*Exercise requirements*. Pictures must not appear in the copy. Restate exactly the lines below from the one with "숨37˚ [숨] [24RN]디어옴므 퍼펙트 에멀전 110ml, 1개" through the one with "4.23kg #230【GIB Hyogo】【Plek-adjusted】", inclusive.

(Dataset records)
_ _ _ _
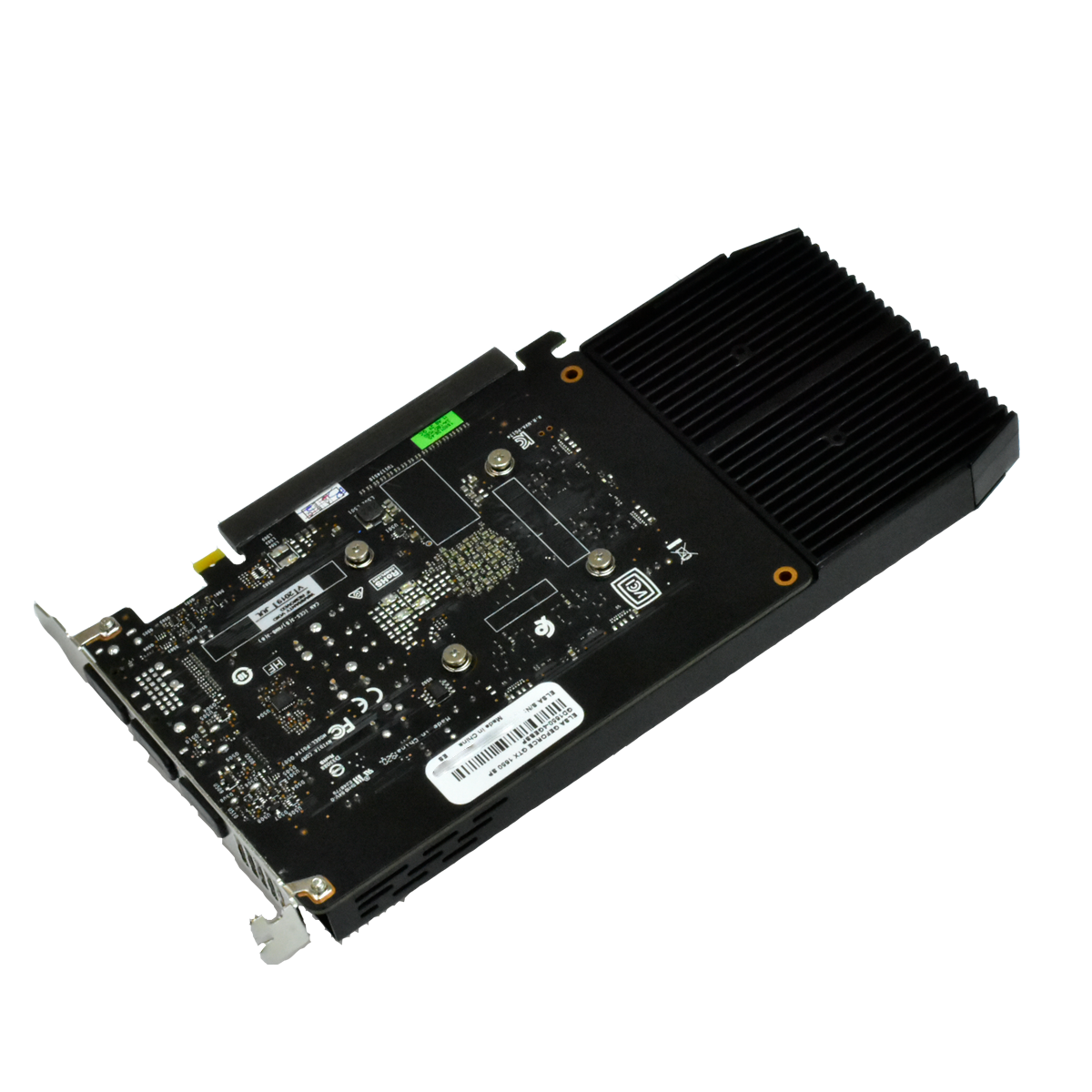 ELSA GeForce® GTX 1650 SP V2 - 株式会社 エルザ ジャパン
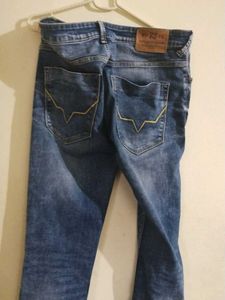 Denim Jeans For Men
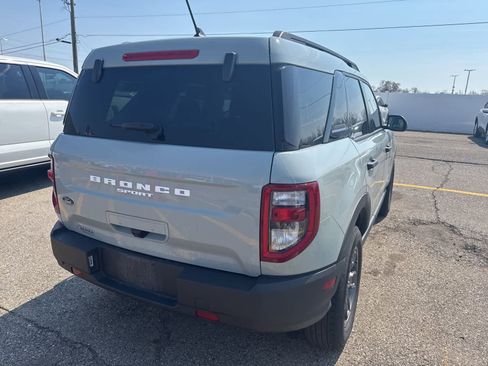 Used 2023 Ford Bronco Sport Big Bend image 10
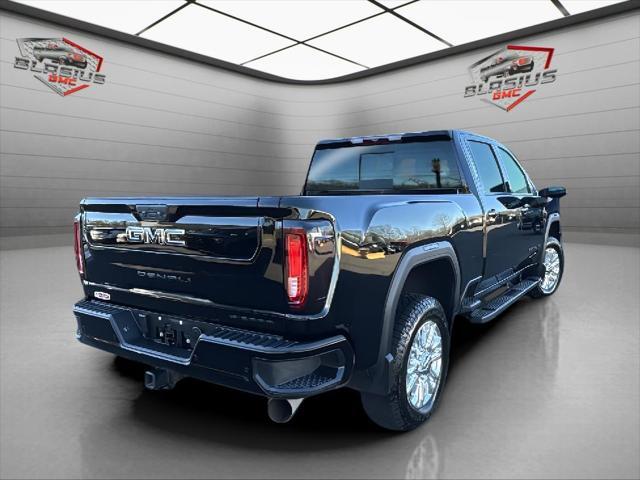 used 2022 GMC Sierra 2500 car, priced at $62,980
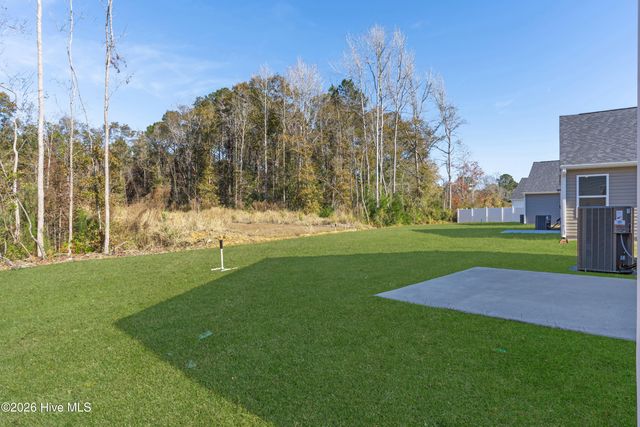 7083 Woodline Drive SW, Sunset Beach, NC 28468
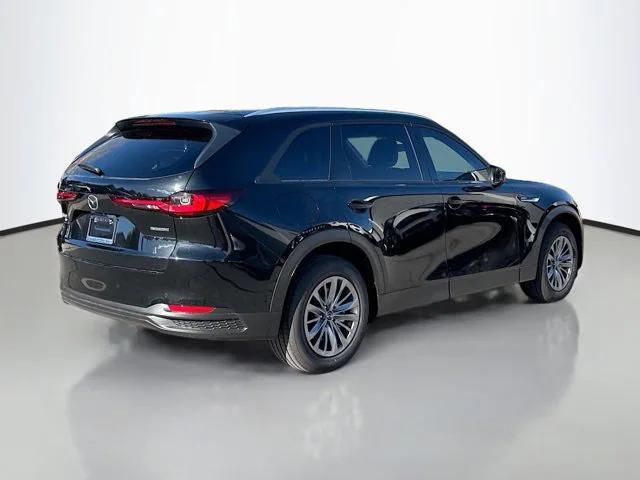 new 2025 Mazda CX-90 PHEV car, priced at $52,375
_ _ _ _
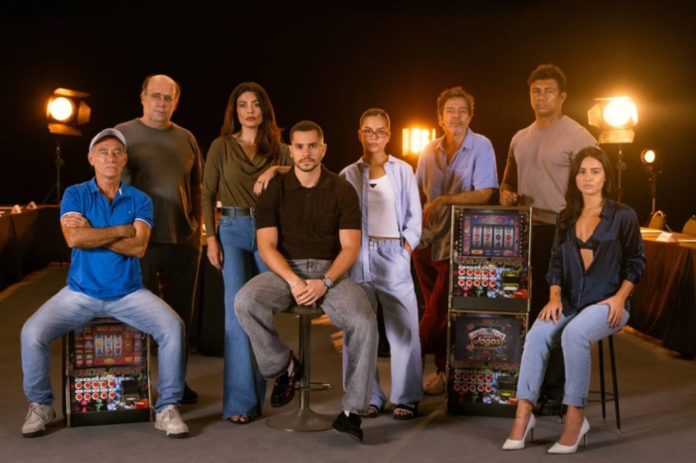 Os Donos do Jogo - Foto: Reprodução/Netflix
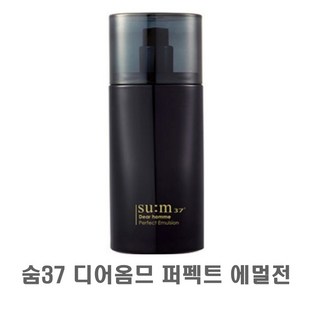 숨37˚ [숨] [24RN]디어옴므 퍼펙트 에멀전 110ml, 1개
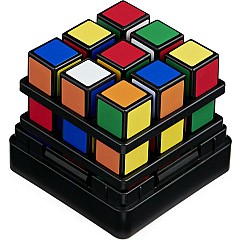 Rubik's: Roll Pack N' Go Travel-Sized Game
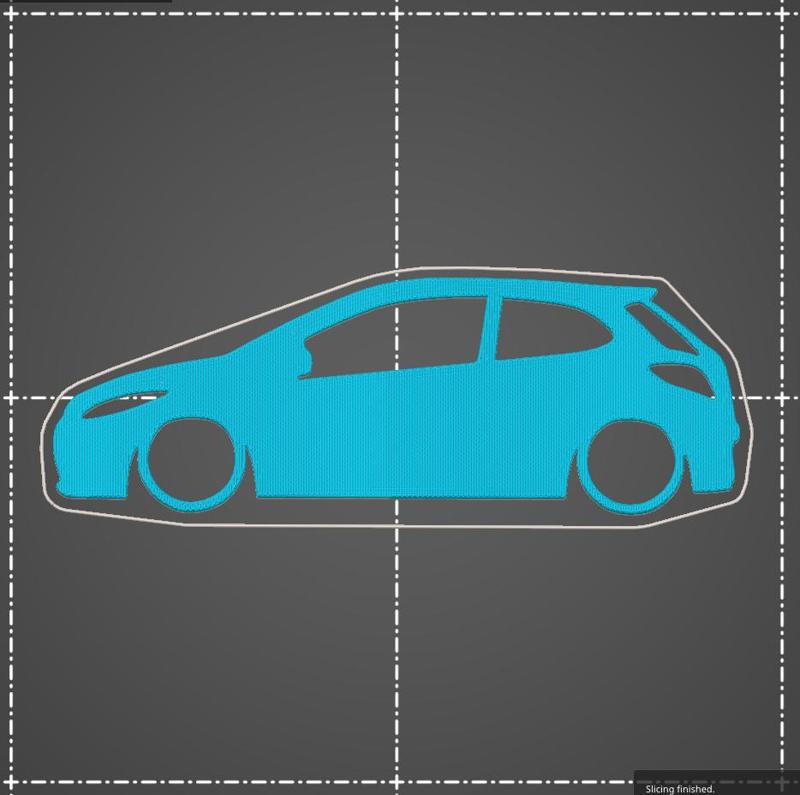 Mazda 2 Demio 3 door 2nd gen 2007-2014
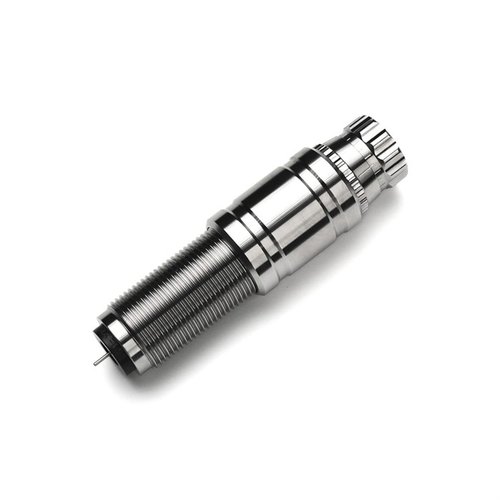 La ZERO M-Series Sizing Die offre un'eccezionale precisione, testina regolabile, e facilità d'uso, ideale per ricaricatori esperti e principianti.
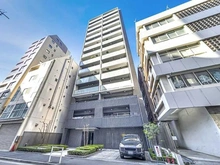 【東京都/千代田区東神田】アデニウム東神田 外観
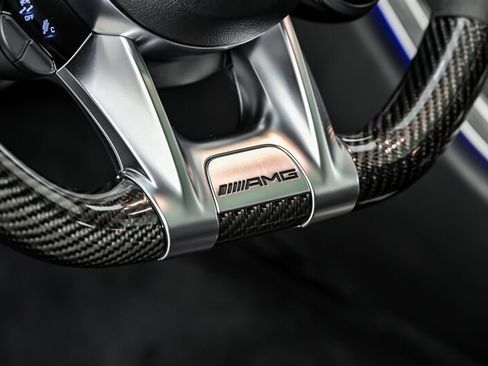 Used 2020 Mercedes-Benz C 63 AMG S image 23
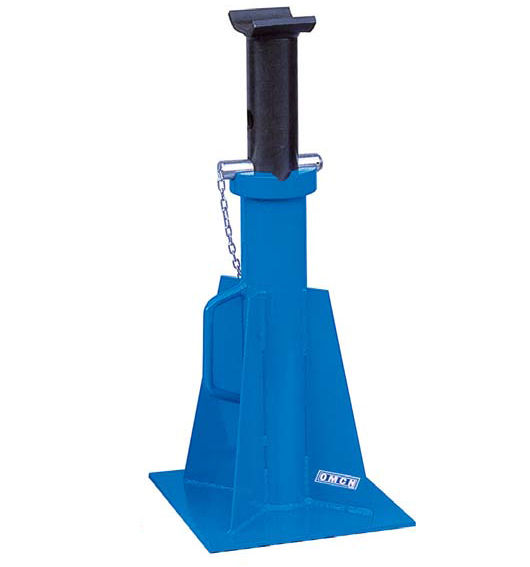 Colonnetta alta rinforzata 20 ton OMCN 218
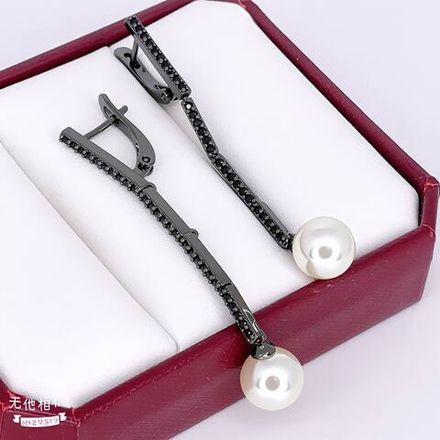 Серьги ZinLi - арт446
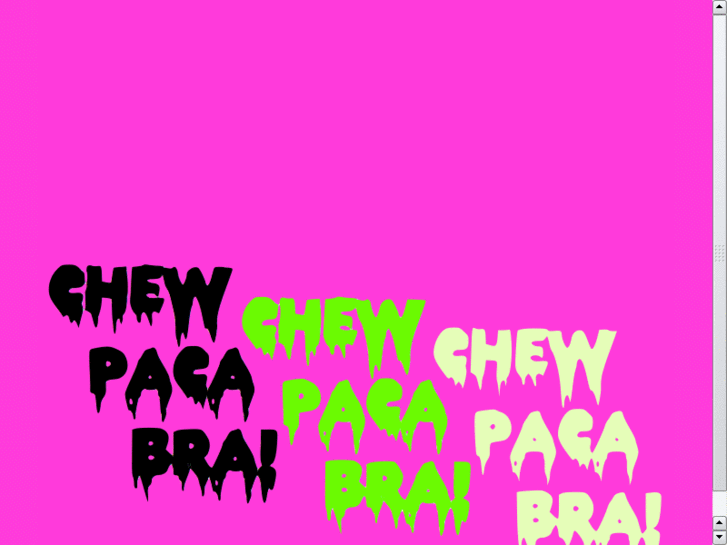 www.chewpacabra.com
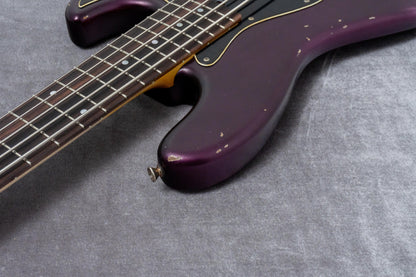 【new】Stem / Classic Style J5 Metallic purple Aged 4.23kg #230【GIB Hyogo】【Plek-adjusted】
_ _ _ _
*Exercise answer*.
 숨37˚ [숨] [24RN]디어옴므 퍼펙트 에멀전 110ml, 1개
 Rubik's: Roll Pack N' Go Travel-Sized Game
 Mazda 2 Demio 3 door 2nd gen 2007-2014
 La ZERO M-Series Sizing Die offre un'eccezionale precisione, testina regolabile, e facilità d'uso, ideale per ricaricatori esperti e principianti.
 【東京都/千代田区東神田】アデニウム東神田 外観
 Used 2020 Mercedes-Benz C 63 AMG S image 23
 Colonnetta alta rinforzata 20 ton OMCN 218
 Серьги ZinLi - арт446
 www.chewpacabra.com
 【new】Stem / Classic Style J5 Metallic purple Aged 4.23kg #230【GIB Hyogo】【Plek-adjusted】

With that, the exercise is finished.